Mais l’école Akodo apprend, avant tout, la précision et la discipline. La valeur individuelle importe peu, au contraire elle peut nuire au groupe si jamais elle n’est pas canalisée…

L’histoire qu’on nous enseignait en montrait suffisamment d’exemples. Et Masanobu-sensei ne se privait pas de me le rappeler, de la façon la plus brutale qui soit. Pour commander, il faut d’abord savoir servir.
Enfin il y avait l’enseignement du bushido, dont les valeurs forment la fondation du clan du Lion et sans lequel nous n’aurions pas de raisons d’être. Et je m’en suis imprégnée, jusqu’à ce que l’honneur me soit plus précieux que la vie, sans pour autant comprendre en profondeur la portée et la difficulté de la Voie du Sabre. Comme je devais le réaliser ultérieurement, l’existence nous met parfois devant des situations difficiles et aussi pur, aussi excellent que soit le code de conduite, nous sommes toujours seuls quand vient l’heure de décider. Et parfois, il n’y a pas de bon choix, juste ce que nous devons faire.

Qui plus est, je porte en moi un sang impétueux de Matsu, et plus d’une fois je dus ravaler ma rage. Le détachement, indispensable pour être un bon général, que prône l’école Akodo, ne me vient pas facilement.

Par contre, j’aimais à m’essayer à l’art des bardes Ikoma, habiles à faire passer l’émotion, même sous une forme ritualisée. Là me sert la passion qui m’habite.

Mais je savais déjà que peu importait ce qui m’intéressait personnellement : seul comptait mon devoir envers mes parents et ma famille. D’autres que moi choisiraient comment je pourrais au mieux servir le clan du Lion.

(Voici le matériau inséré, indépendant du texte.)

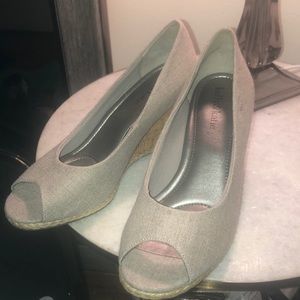 Kelly and Katie tan heels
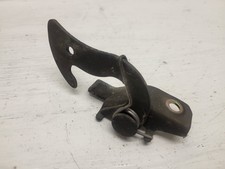 Crochet extérieur attache capot moteur pour peugeot 405 essence de 1989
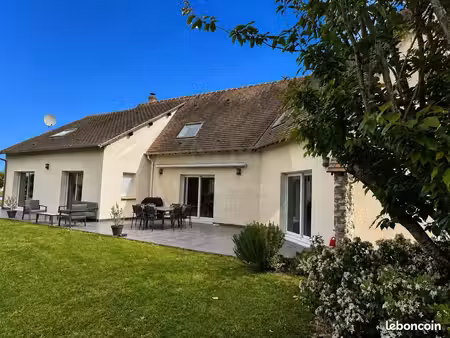 maison 7 pièces 240 m²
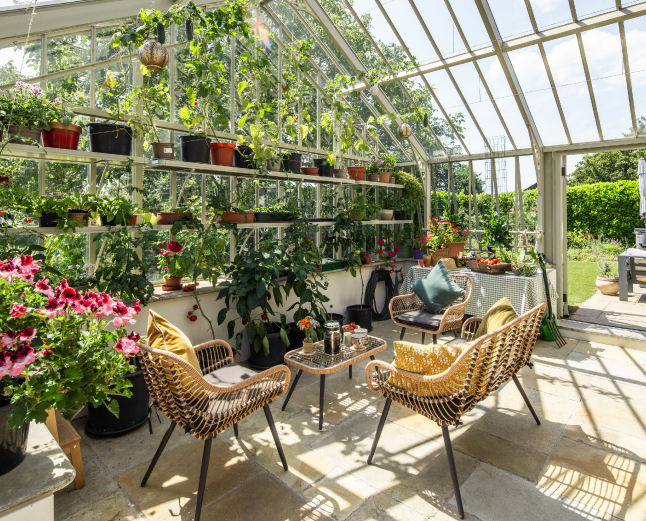 Jersey B&B Gardeners Rest inside Alitex Greenhouse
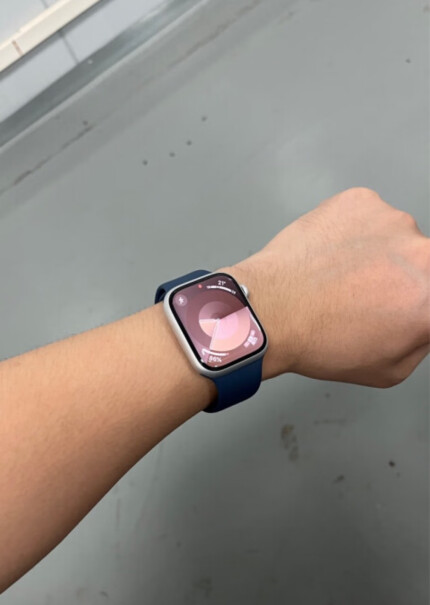 Apple Watch S9 智能手表GPS款星光色想问s9是必须升级ios17吗？，最新的16.7可以吗？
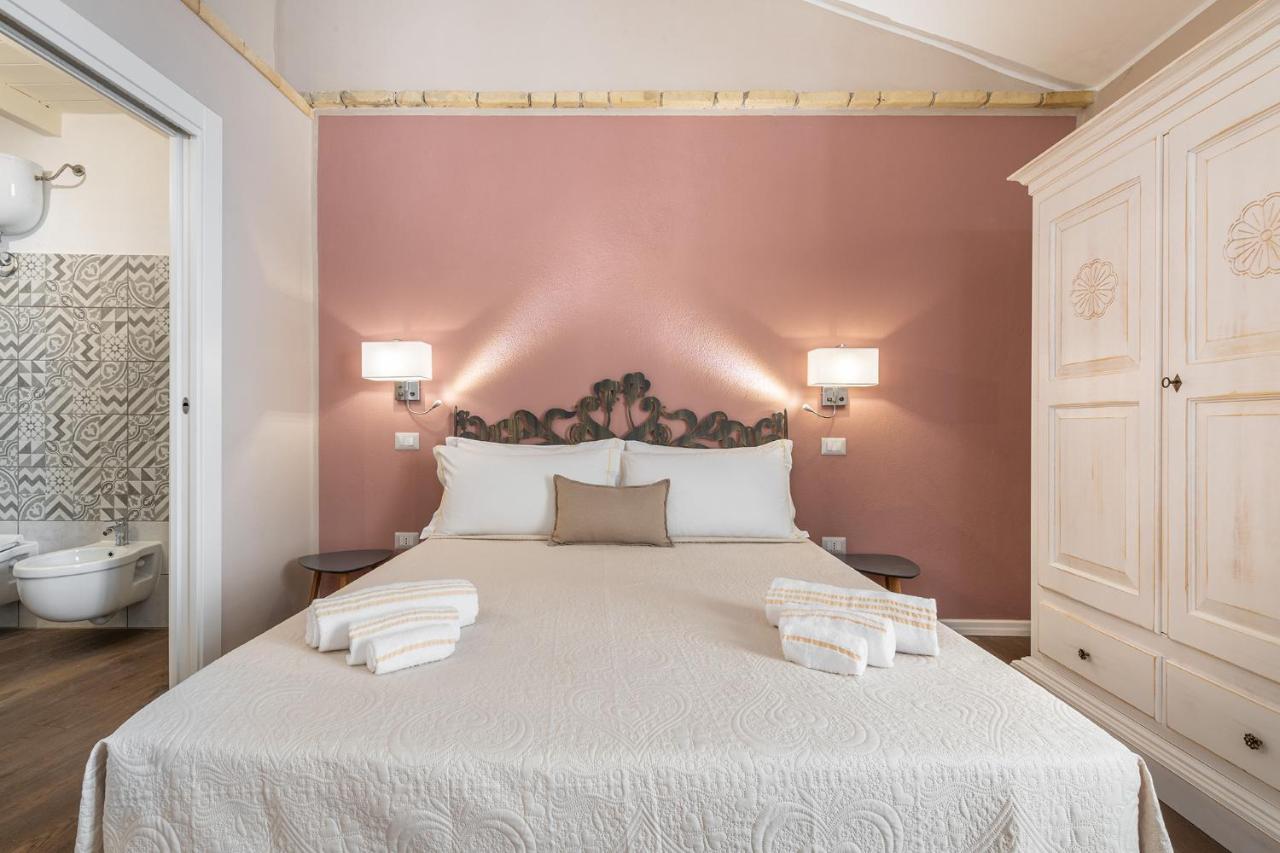 קליארי Promenade Boutique Rooms - City Centre מראה חיצוני תמונה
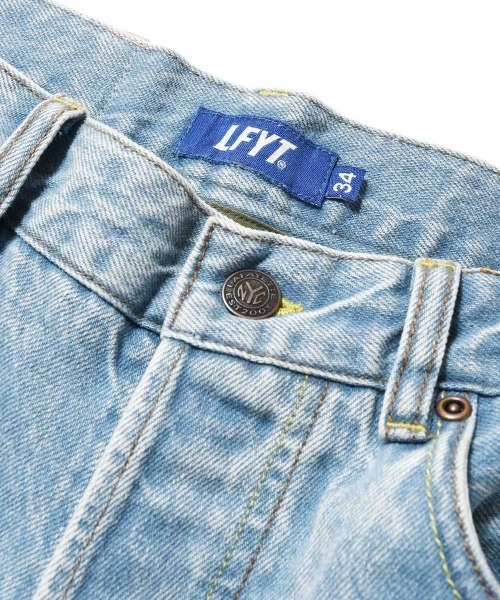 LFYT（エルエフワイティー）の「LFYT ラファイエット -  5 POCKET WASHED DENIM PANTS BAGGIE FIT ICE WASH デニムパンツ バギーフィット LS261203（デニムパンツ・メンズ・ライトブルー・38/36/34/32）」の4枚目の写真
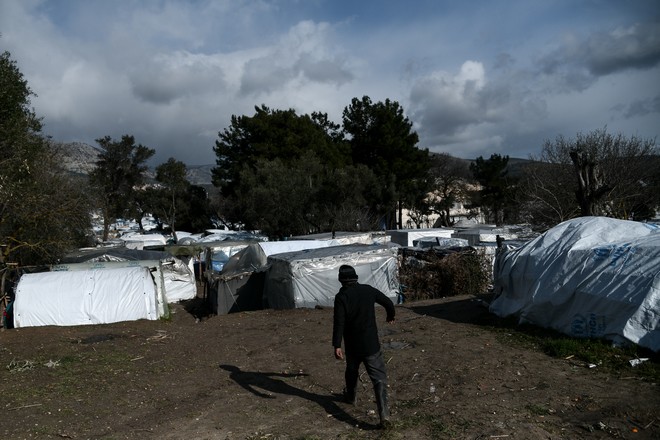 Χίος: Τρεις συλλήψεις και πολλές προσαγωγές από την ΕΛΑΣ για τα επεισόδια στη ΒΙΑΛ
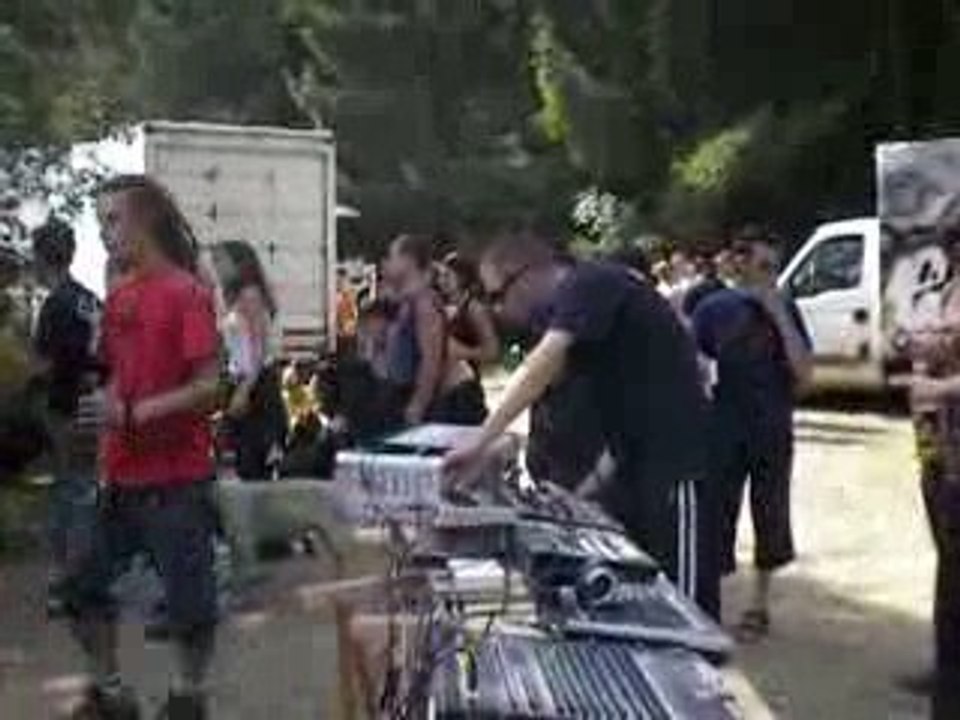 free party tromatik insociaux associé 15 08 09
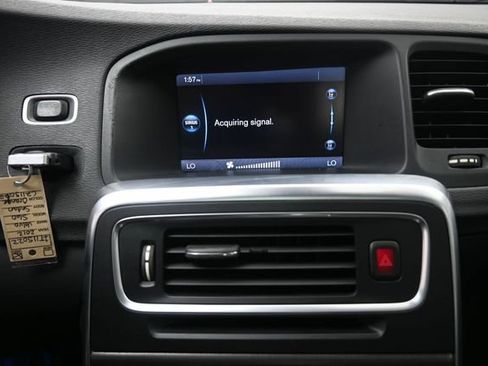 Used 2012 Volvo S60 T5 FWD image 12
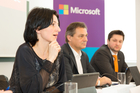  (c) fotodienst/Anna Rauchenberger - Wien, am 29.01.2013 –  Microsoft stellte heute im Rahmen einer Pressekonferenz im Hotel Le Meridien das neue Office 2013 vor. Office wurde an neue Anforderungen und den geräteübergreifenden Einsatz angepasst und kann nun per Touch oder Maus auf Computer, Macs, Windows Tablets oder Windows Phones bedient werden. FOTO v.l. Alexandra Moser, Leiterin Geschäftsbereich Office Microsoft Österreich, Georg Obermeier, Geschäftsführer Microsoft Österreich, Damian Izdebski, Gründer und Geschäftsführer DiTech:
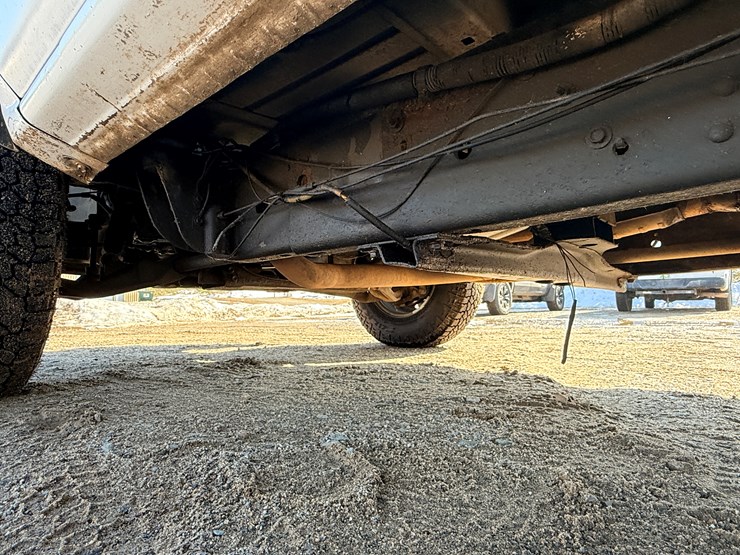 2006-chevrolet-3500hd-image-58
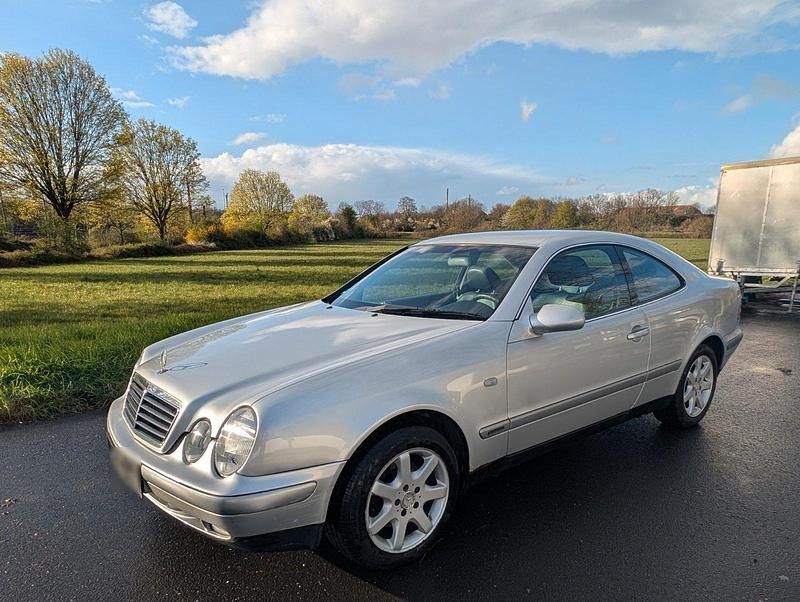 Gebraucht Mercedes CLK320 Elegance 218 PS (160 kW) 1999 Grau Coupé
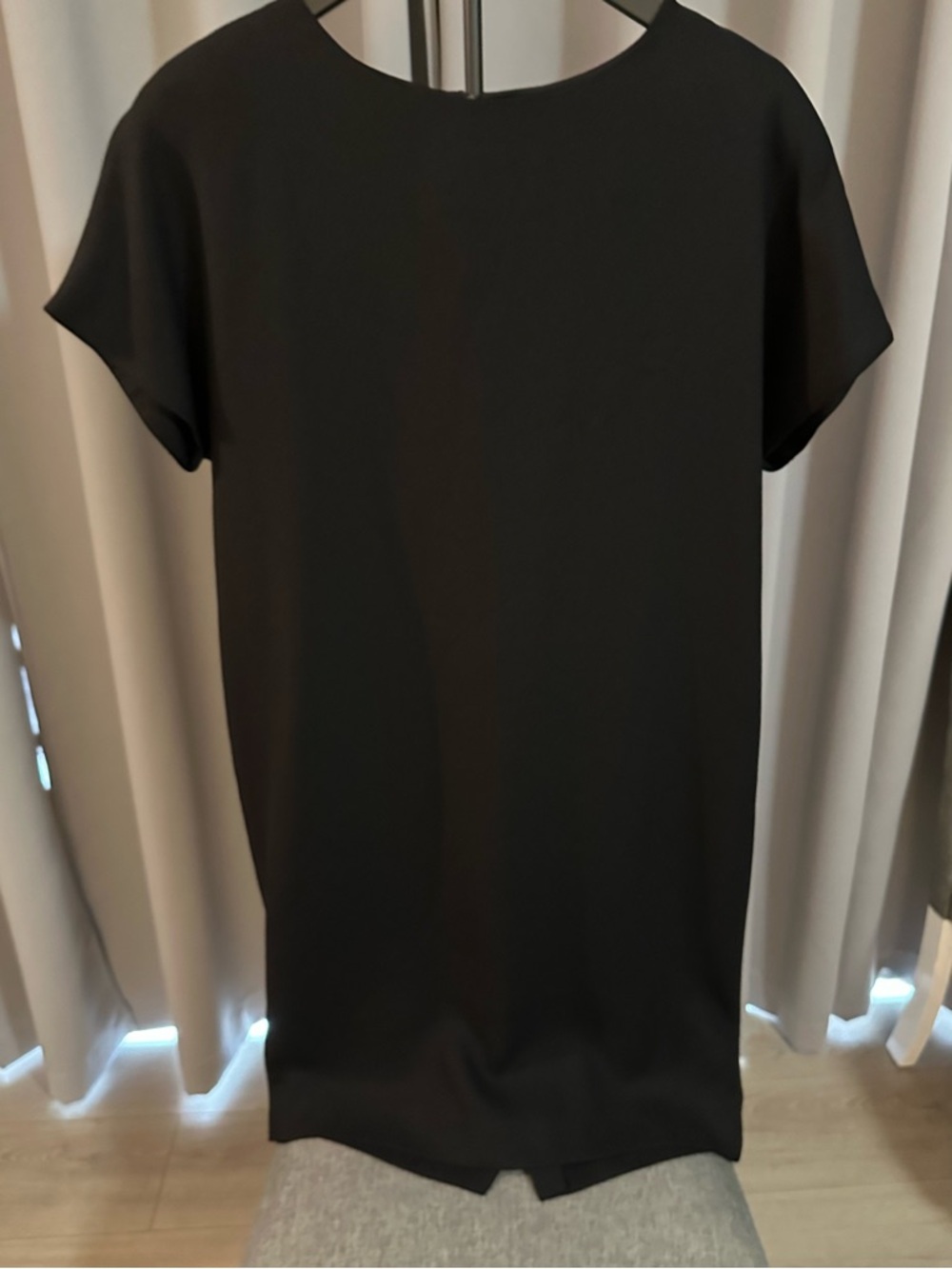 Jones New York Black Midi Dress with Short Sleeves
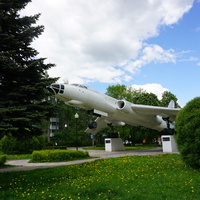 Памятник-самолёт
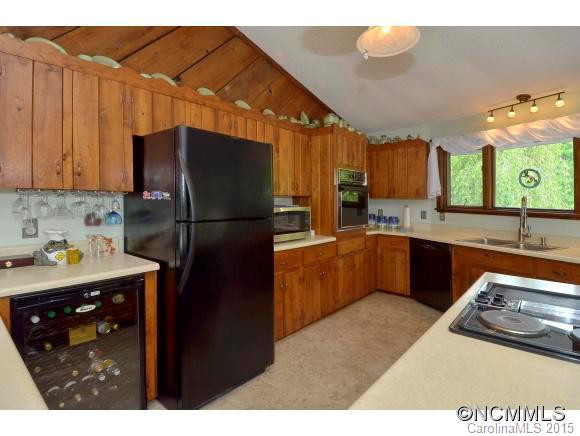 2867 Highway 213 - Photo 9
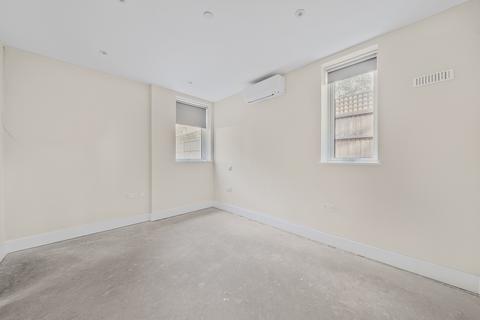 1 bedroom bungalow to rent, Tommy Mews 16 St Marys Road Peckham SE15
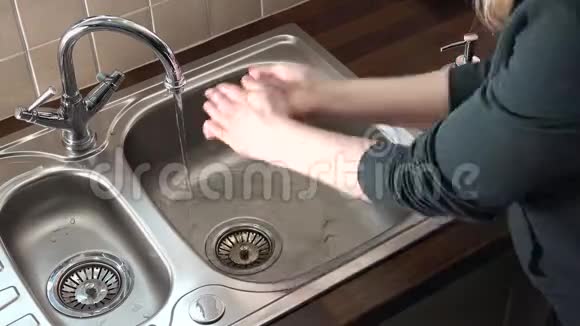 在钢制厨房洗手池适当洗手视频的预览图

Aussi, comme toujours, le seul choix que j’avais était d’exceller dans toutes les disciplines, et si certaines me venaient plus difficilement que d’autres, notamment dans le domaine des lettres, je m’efforçais d’y parvenir à force de travail.

Sur le dojo, une chose me desservait, qui eut probablement été charmante chez une courtisane Doji, mais qui était pour moi en tant que bushi une source de honte. Etait-ce une nature trop réactive, ou un défaut de ma constitution, j’étais vite endolorie par l’exercice et par trop sensible à la douleur. Je le cachais autant que possible – ayant eu l’expérience des incessants quolibets et des moqueries de mes frères à ce sujet mais les longues matinées d’exercice, où les muscles se tétanisent à force de répéter le même mouvement, m’étaient un supplice.

Peu à peu, mon corps s’endurcit, et l’entraînement quotidien me devint plus supportable ; mais ce type de courage physique qui permet de supporter aisément la douleur me faisait cruellement défaut, et seule la volonté, et la nécessité de ne pas déshonorer ma famille, me permettaient de sauver la face.

Je me demande encore si ce n’est pas la raison qui a poussé ma mère à me mettre à l’école Akodo : mes parents craignaient-ils que je puisse échouer au gempukku Matsu, et notamment aux épreuves qui demandent une grande résistance à la douleur, comme celle où le candidat reçoit quatre cent coups de bambou, et doit les endurer sans une plainte, sans parler du marquage au fer rouge qui clôture les épreuves, ainsi que me l’ont conté mes sœurs ? Je ne l’ai jamais su.

Assurément, mes sœurs ne se sont pas privées pour me faire part de leurs supputations en la matière… et leur dérision me touchait plus que je ne voulais l’admettre.

Cela ne veut pas dire que le gempukku Akodo soit facile ; mais il est moins extrémiste dans les qualités physiques demandées aux futurs samouraïs, et plus exigeant dans les épreuves de l’esprit. Les Matsu forment des guerriers ; les Akodo, des soldats.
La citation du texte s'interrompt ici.